I know that fear can be raised in many by the knowledge that a firearm is near just as I respect my friends who I know are against them and will not bring it to their house. With this knowledge you can understand that my friends list in social media is comprised of both sides in this discussion and I have had to do some hard soul searching to see where I should stand. How is it right for me to be pissed off at the loss of 49 people then to stand up and scream “from my cold dead hands”…. It’s not and I can’t. I can no longer pretend like this stuff doesn’t happen.
Then I have some friends who like the “good guy with a gun” argument. I’ve said this before myself but again… It seems in vain. See in the Pulse Night club I know that a few were military including one man who was a captain in the military and also a Lowes Associate. I can be sure that many of the patrons were intoxicated. This is not a smart thing to hope a drunk person with a gun can stop a psychopath in a crowded bar. So why do I lay all this out you may ask… Well it’s to lay myself on the line. I just don’t see it as much anymore and I think that something has to change.
49 people lost their lives to a man who was investigated twice by the FBI, yet managed to legally buy a gun. He managed to have a clean record to purchase the firearm yet was rejected the purchase of body armor. No one though to question this? So now I have been moving my priorities, sure maybe it is a bit late, but I hope it’s better than never. Let’s figure out why it’s easier to buy a gun than to buy 2 packs of Sudafed.

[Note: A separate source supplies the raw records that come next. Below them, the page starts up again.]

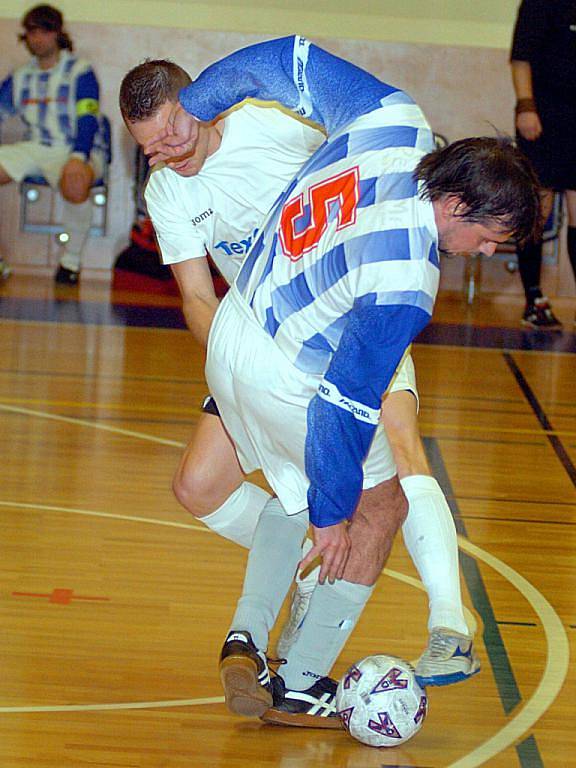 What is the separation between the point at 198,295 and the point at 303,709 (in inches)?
42.6

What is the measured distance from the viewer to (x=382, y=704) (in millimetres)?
2441

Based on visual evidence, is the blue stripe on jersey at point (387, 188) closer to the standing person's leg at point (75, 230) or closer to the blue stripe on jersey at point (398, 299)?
the blue stripe on jersey at point (398, 299)

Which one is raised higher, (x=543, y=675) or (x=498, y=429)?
(x=543, y=675)

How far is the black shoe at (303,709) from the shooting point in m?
2.56

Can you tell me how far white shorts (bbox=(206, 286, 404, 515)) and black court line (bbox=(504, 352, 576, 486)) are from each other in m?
2.09

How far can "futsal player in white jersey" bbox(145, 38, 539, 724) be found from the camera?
2.14 meters

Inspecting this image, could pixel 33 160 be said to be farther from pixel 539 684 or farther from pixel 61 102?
pixel 539 684

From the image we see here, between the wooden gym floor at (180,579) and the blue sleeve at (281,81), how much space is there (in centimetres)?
118

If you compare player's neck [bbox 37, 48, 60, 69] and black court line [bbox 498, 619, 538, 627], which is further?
player's neck [bbox 37, 48, 60, 69]

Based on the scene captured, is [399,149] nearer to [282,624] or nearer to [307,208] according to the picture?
[307,208]

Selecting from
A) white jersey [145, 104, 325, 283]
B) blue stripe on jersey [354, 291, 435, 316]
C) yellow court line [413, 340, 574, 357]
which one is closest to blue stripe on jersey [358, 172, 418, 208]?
blue stripe on jersey [354, 291, 435, 316]

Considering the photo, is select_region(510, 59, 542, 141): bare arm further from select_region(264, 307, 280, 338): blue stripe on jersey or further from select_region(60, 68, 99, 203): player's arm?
select_region(264, 307, 280, 338): blue stripe on jersey

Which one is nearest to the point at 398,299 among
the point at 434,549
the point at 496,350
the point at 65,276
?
the point at 434,549

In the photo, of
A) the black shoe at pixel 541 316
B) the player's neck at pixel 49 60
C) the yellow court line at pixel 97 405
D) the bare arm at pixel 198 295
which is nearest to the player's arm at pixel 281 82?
the bare arm at pixel 198 295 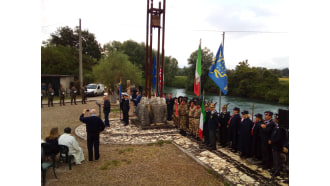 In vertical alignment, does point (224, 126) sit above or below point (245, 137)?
above

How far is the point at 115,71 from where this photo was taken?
2188cm

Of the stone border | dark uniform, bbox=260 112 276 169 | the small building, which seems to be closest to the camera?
the stone border

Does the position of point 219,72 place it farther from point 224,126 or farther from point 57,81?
point 57,81

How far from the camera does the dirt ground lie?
493cm

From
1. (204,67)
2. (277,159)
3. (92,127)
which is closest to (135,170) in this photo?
(92,127)

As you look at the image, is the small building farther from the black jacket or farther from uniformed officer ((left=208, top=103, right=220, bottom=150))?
uniformed officer ((left=208, top=103, right=220, bottom=150))

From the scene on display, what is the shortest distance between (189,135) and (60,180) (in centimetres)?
551

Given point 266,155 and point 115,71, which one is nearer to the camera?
point 266,155

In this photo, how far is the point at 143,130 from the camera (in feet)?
32.7

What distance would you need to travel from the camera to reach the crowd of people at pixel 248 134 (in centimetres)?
525

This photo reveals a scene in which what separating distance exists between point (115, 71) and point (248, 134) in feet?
58.9

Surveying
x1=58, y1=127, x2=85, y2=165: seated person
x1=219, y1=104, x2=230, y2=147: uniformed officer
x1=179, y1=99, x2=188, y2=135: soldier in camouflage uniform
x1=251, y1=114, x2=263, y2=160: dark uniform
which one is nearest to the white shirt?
x1=58, y1=127, x2=85, y2=165: seated person

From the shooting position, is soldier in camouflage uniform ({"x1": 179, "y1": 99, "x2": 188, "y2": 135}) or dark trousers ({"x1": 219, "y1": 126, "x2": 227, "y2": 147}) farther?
soldier in camouflage uniform ({"x1": 179, "y1": 99, "x2": 188, "y2": 135})

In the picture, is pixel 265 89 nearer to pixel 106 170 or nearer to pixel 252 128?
pixel 252 128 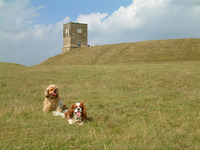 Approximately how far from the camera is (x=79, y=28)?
8481cm

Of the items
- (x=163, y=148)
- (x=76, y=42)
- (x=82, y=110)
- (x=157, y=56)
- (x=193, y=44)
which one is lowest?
(x=163, y=148)

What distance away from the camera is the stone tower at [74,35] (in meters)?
83.1

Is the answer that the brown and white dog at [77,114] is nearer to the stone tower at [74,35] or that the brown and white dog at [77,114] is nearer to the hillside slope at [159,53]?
the hillside slope at [159,53]

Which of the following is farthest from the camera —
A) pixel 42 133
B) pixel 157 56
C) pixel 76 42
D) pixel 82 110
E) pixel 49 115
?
pixel 76 42

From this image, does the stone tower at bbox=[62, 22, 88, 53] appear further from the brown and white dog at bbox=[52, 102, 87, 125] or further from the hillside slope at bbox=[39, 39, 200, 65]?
the brown and white dog at bbox=[52, 102, 87, 125]

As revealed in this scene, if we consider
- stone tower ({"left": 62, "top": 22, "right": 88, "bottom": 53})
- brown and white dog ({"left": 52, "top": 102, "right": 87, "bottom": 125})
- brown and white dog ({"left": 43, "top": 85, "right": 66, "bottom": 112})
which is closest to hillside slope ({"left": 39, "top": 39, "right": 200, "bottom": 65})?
stone tower ({"left": 62, "top": 22, "right": 88, "bottom": 53})

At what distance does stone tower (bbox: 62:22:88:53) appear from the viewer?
8312 cm

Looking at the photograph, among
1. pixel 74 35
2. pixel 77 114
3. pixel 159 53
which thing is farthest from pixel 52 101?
pixel 74 35

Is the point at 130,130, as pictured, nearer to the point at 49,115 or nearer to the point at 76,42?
the point at 49,115

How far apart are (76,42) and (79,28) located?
5842 mm

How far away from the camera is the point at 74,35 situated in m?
83.8

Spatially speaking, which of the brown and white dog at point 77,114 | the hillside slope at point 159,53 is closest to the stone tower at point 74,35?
the hillside slope at point 159,53

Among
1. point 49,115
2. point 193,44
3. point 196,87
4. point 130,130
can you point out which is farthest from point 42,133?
point 193,44

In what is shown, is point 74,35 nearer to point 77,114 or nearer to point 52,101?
point 52,101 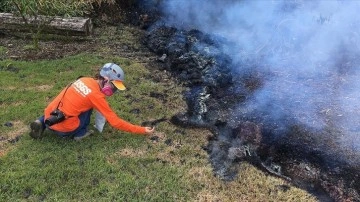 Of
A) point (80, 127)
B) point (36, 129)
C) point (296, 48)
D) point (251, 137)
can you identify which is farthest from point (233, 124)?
point (296, 48)

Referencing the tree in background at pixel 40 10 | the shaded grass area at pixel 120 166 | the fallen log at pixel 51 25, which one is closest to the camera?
the shaded grass area at pixel 120 166

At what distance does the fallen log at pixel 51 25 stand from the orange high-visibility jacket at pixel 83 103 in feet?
13.1

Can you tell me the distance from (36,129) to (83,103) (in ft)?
2.61

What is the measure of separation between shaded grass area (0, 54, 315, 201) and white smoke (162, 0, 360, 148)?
1596 mm

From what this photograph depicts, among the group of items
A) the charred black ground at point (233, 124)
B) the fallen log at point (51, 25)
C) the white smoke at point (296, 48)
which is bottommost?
Result: the fallen log at point (51, 25)

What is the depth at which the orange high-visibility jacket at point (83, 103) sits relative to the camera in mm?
4695

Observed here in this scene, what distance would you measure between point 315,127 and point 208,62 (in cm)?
258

So back to the earlier conversation… Tolerating the intolerant. I do this well and my friend, not so much. I can see that differences in us all will cause some turmoil (just as my last few paragraphs will). I understand that the views and opinions of others need to be viewed and addressed respectively and if someone doesn’t like me for my honesty or my views, I can still hold them as my friend and value their lives and liberties so long as they don’t try to hurt another.
So in tolerating the intolerant was I right or wrong? In my previous religion (that I don’t practice or believe anymore) I was taught, yet not shown the same. I don’t have an issue with other religious people, just the extremists in the religions. So as the events from the Pulse night club came to pass I realized that intolerance is rooted in the basis of this evil. Ironically the evil that was shown came from pastors and religious people. Scary to be sure but seems pretty scary these days when years ago someone I’m no longer friends with said “praise God and pass the ammo”.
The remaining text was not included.